● **Task goal**
Taking the line with "Gönüllülük Temalı Şiir" as the first and the line with "Tasses à thé vintage décor peint à la main" as the last, set down the lines below exactly, pictures excluded.

● **Data under study**
-------
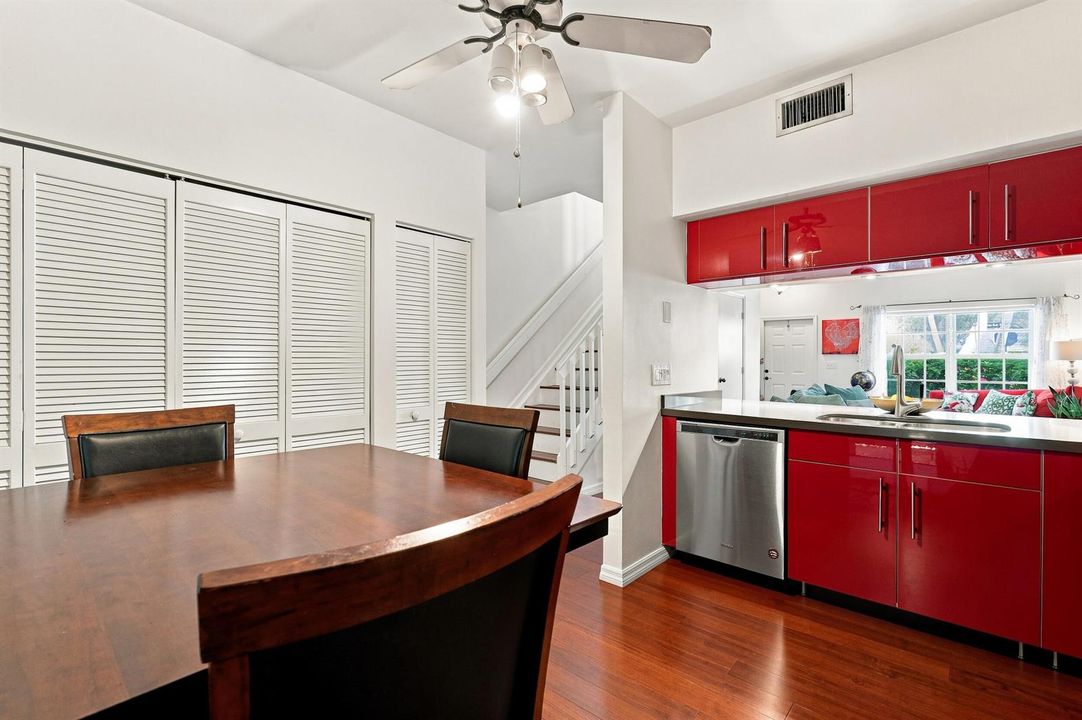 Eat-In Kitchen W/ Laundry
-------
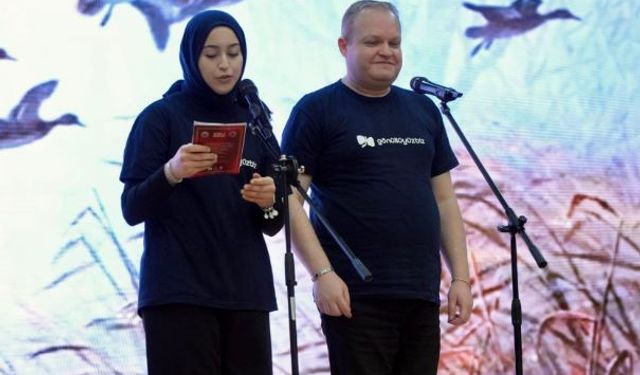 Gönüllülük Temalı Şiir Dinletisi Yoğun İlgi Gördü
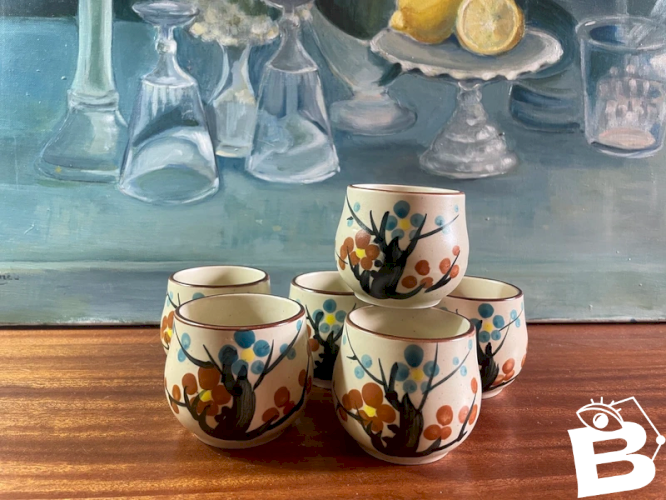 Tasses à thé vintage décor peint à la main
-------
● **Written response**
 Gönüllülük Temalı Şiir Dinletisi Yoğun İlgi Gördü
 Tasses à thé vintage décor peint à la main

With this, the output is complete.